Dat jonge meisje had den jongen student innig lief - en hij?... Hij heeft met deze verloofde, gelijk ook met veel andere harten, als een tijdelijk genot gespeeld; want weldra rukte hij zich van haar los en blies al de luchtkasteelen om.
De trotschheid en eerzucht deden aan Goethe dat eerlijke kind verloochenen en vergeten, en geen twee jaar later, doctor in de rechten geworden, ontmoeten wij hem te Wetzlar, waar zijn vader hem zond om het internationaal recht en de proceduur der duitsche kanselarijen, te doorgronden; doch waar hij zich nog meer met dat wezen bezighield, dat hij onder den naam van ‘Charlotte’ vereeuwigd heeft, en die niemand was dan Mejuffer Buff.
De jonge wispelturige had de arme Frederika Brion vergeten en eene nieuwe liefde gevonden; doch de predikants-dochter vergat hem niet en de miskende, op het ziekbed neêrgeworpen, worstelde geruimen tijd met den dood, afgebeuld als zij was door de versmading haar aangedaan.
Gelukkig, niet voor haar, herstelde zij en hoorde wellicht, van tijd tot tijd, den naam van den jongen student, die haar liefde betoond had, tot in haar afgezonderd en kloosterstil woonhuis weêrgalmen.

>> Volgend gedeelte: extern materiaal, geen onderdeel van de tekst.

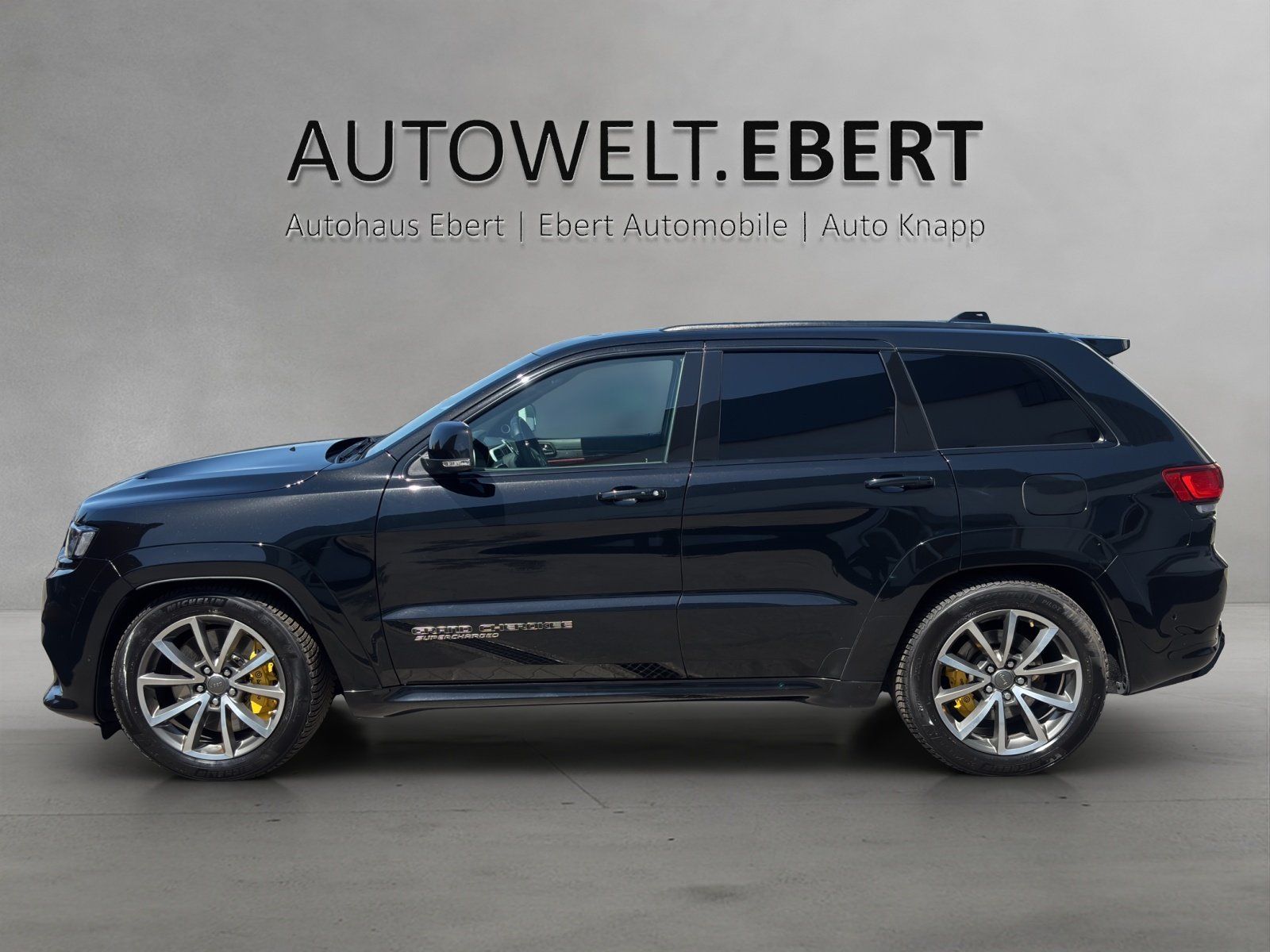 Fahrzeugabbildung Jeep Grand Cherokee 6.2 V8 Supercharged Trackhawk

Acht jaar nadat Goethe Sessenheim verlaten had en hij eene herfstreis naar Zwitserland deed, zag hij Frederika weêr. Hij vond haar weinig veranderd, ‘nog zoo goed, liefderijk en vertrouwelijk als voor dezen;’ doch hij, hij was te eerzuchtig geworden en Frederika, zoo als zoovele anderen, moest enkel dienen om de ijdelheid van den jongen dichter te voldoen en den nazaat te doen zeggen: ‘de vrouwen hebben hem verheerlijkt, vergood en bemind.’
Frederika Brion trouwde nooit; zij weigerde de meest vereerende huwelijksvoorstellen; zij had eens bemind - en die liefde verzaakte zij niet.
Na het overlijden harer ouders, verliet zij haar land en ging bij eene vriendin te Parijs inwonen, doch keerde met Robespierre's schrikbewind naar Duitschland terug, waar zij in 1813 overleed. Zij had Goethe groot en beroemd zien worden en dacht gewis niet, dat de kortstondige benadering van dat genie, ook haar aan de vergetelheid zou onttrekken.
Immers, het blijft waar wat de dichter der Méditations poétiques zegt:
Heureuse la beauté que le poète adore!
Heureux le nom qu'il a chanté!
Toi, qu'en secret son culte honore,
Tu peux, tu peux mourir! dans la posterité
Il lègue à ce qu'il aime une éternelle vie....
Dit echter vergoedt niet wat hij haar eenmaal lijden deed, en zijne vereerders kunnen den dichter niet schoonwasschen van de smet, dat hij veel harten ongenadig gebroken en hen, voor eenige oogenblikken, tot zijn speelbal gemaakt heeft.